The motor sport industry can point out, with justification, that the 4m angling population in the UK alone uses vastly more fuel – and hence generates much more globe-warming carbon dioxide – getting to lakes and riverbanks each weekend than is consumed by all forms of motor sport in the same period.

But the problem for an industry that generates billions of dollars in earnings (£5bn in the UK alone) and employs well over 100,000 directly worldwide is that it is a direct user of CO2-generating fuels. Unfairly or not, that places it in the line of fire more than almost all other sports.

The potential for the mounting clamour over global warning to result in demands for restrictions on motor sport has not been lost on its participants with a big financial stake in it. These include the sport’s world governing body, the Federation Internationale de l’Automobile (FIA); the companies that earn their living from designing, developing and making its cars and other hardware; the racing teams; and the multitudes of other companies – including multinational corporations using motor sport as a global marketing platform.

The industry, says FIA president Max Mosley, appears not to be under imminent threat – “not yet. But I have no doubt that it will materialise in the next five to 10 years if we don’t do anything positive. Although motor sport in reality uses negligible fuel, it is symbolic – remember that in the 1970s fuel crisis there were moves to stop motor sport. We need to avoid that.”

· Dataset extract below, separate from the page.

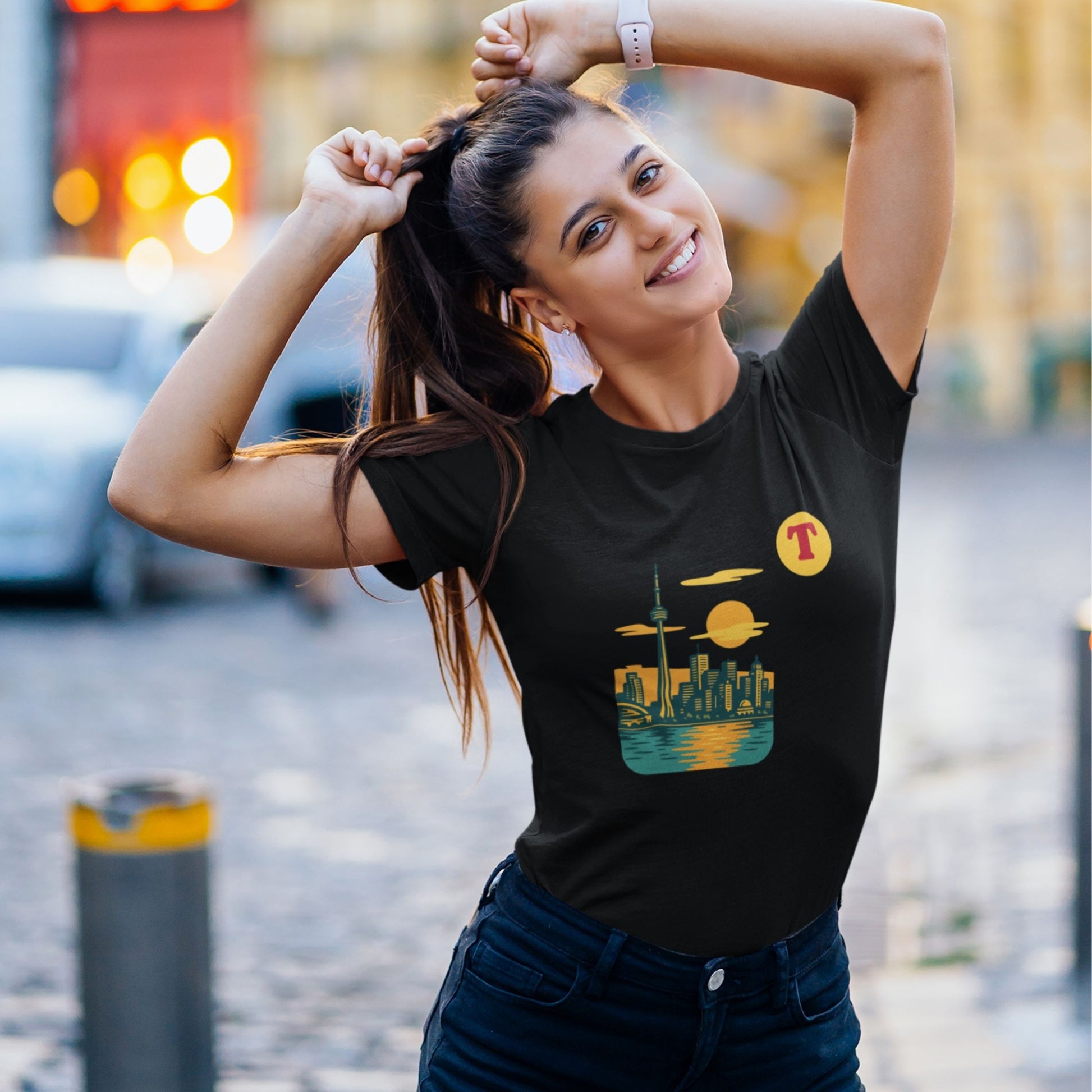 Woman wearing a Toronto Canada T Shirt in Black colour from the Canadian ABC collection by Maple Beaver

With relatively little fanfare, except for some high-profile initiatives in motor sport’s top echelon, Formula One, the industry is already demonstrating the fast responses for which it has become famed. From Indy single-seater car racing in the US to even minor national championships in Europe, it is racing into the use of bio- and other cleaner fuels, and it is gearing engineering programmes to make motor sport much more environmentally efficient. It is not so much jumping before it is pushed as leading the way and challenging others to follow.

For example, the FIA is requiring manufacturers taking part in the World Touring Car Championship (WTCC) to engineer their cars to use only biofuel from the 2009 season onwards. “With the close relationship between WTCC cars and their roadgoing equivalents we believe that the WTCC is the logical platform to raise public awareness of biofuels,” says Jacques Behar, chief executive of KSO, the championship’s promoter.

The Indy Racing League, similar in status in North America to F1, this year mandated ethanol, made from renewable resources, as the sole fuel to be used. Its introduction has been in partnership with the US-based Ethanol Promotion and Information Council (EPIC), which is taking interactive display centres to the races designed to educate consumers on the environmental and other implications of using such fuels. NASCAR stock car racing, the biggest crowd puller in the US, has begun a research programme for its own switch to cleaner, alternative fuels. Ford has unveiled a biofuel version of its new Fiesta rally car to run next year in a series forming part of the world rally championship, with some national championships for the cars – notably Sweden’s – having already ruled that only biofuel may be used.

Meanwhile an adapted Aston Martin DBSR9 co-driven by Lord Drayson, the UK’s defence procurement minister, has become the first bio-fuelled racing car to win a prestigious GT race. “It goes to prove that running a car on bio-fuel doesn’t mean any compromise in performance. I hope that we can get that message across to motorists everywhere,” says Lord Drayson.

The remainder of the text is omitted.